Thanks John - once we get on the road - we'll be on this site a lot - got so much to learn - chris


----------



## voyagerstan (Dec 15, 2013)

good luck and happy travels been doing it for 18years in diferent vans , would'nt change lifestyle now . only health probs would stop us (non yet touch wood). 

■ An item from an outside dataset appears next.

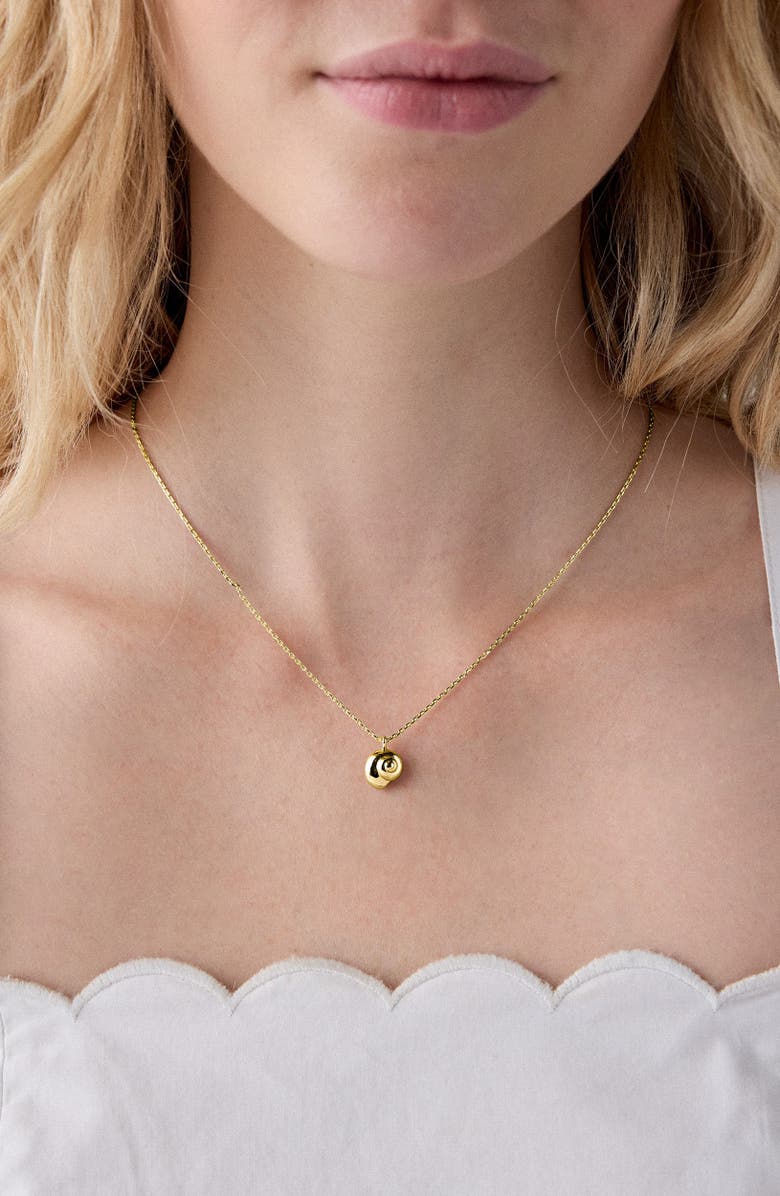 Kate Spade New York beach bum pendant necklace, Alternate, color, Cream Multi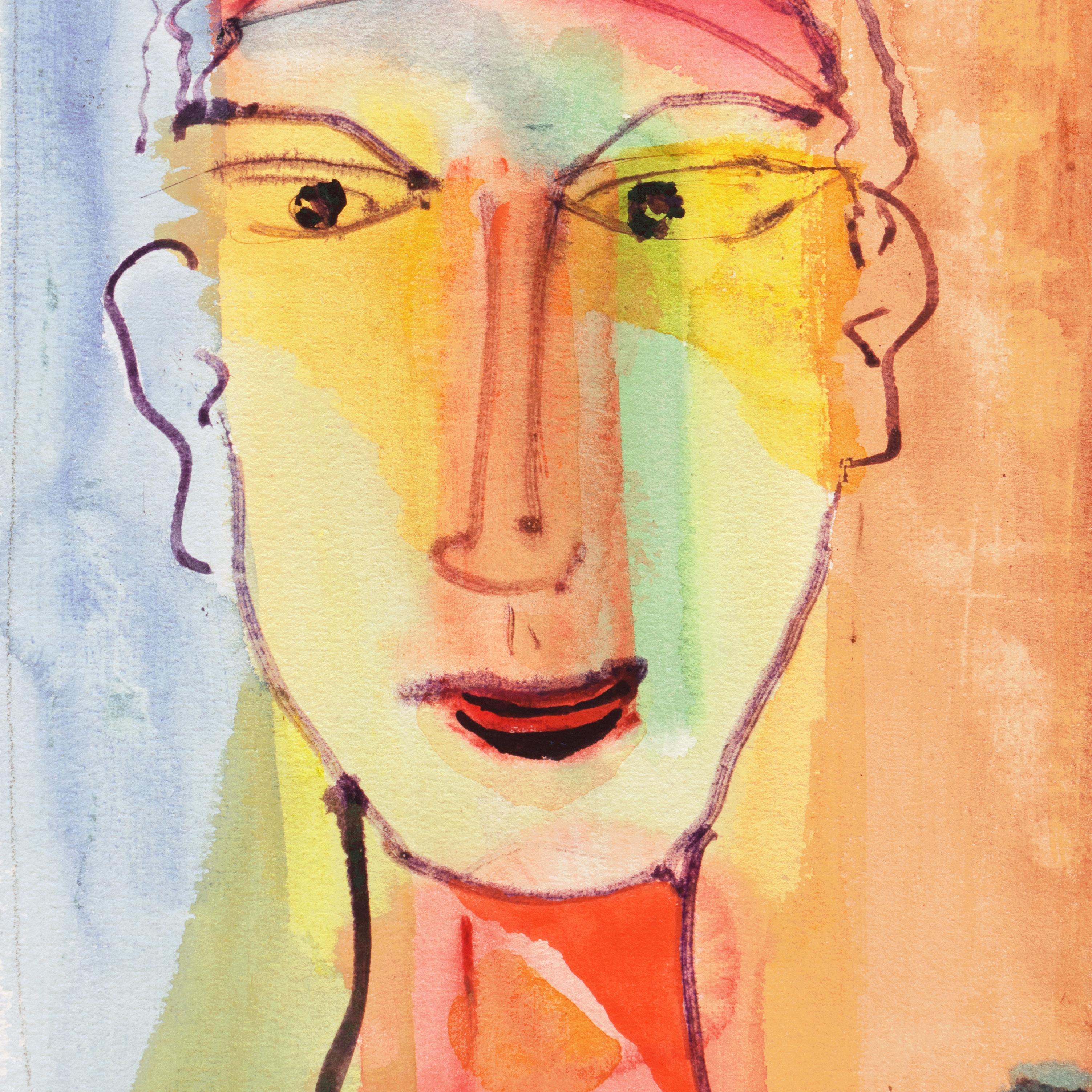 Expressionist Self Portrait by the Author of Tropic of Cancer and Black Spring 1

don't use camp sites (don't fence me in) cos don't need em and to costly . keep on keeping on . stan


----------



## kontiki820 (Dec 15, 2013)

Hi Stan - thanks - we are jealous already !! - chris


----------



## Tezza33 (Dec 15, 2013)

Welcome and don't be frightened with the POI's once you have done it it is easy, start a new thread with your concerns and you will get all the help you need


----------



## Deleted member 21686 (Dec 15, 2013)

Well done and welcome.


----------



## FULL TIMER (Dec 15, 2013)

Hello there, been full timers for just over 7 years now,  unlike some on here we don't get to travel far as I'm still working and need to stay pretty local to Norwich, so far it's been a great life and a relief to be free from the old bricks and mortar, we have tended to use a few selective CL / CS  sites for most of our stay's as we still wish to have a few comforts and hopefully a nearby bar, if you fancy coming to a meet of fellow forum members sometime you will be made very welcome, check out meets and gatherings, plenty of advice available on the forum about certain aspects of fulltiming if you need any.


----------



## wineciccio (Dec 15, 2013)

If are handy at pc,s, download archiescampings, its easy and most of all its free, campsites and aires all over Europe (some even in the uk), I have been using them for years, but the beauty is they are so easy to upload to your gps, honestly mate have a go.:scooter:


----------



## Deleted member 775 (Dec 16, 2013)

may i say a very nice van ,ideal for full timing hope you enjoy your time in the van as much as we did .good luck and happy travels


----------



## phillybarbour (Dec 16, 2013)

Never full timed but best of luck with the life, wish we could.


----------



## Penny13 (Dec 16, 2013)

Hi I wonder how many of us on here full time ? 
I started in September and love it despite a few problems ! But all a learning curve  
Nice looking van  
Hello Jan Mark see you soon


----------



## stonedaddy (Dec 17, 2013)

*Talbot.*

Hi Chris and Dee is your Talbot the U25 2.5 TD. I thought I would put a couple of very handy sites for you which should come in handy in the future. 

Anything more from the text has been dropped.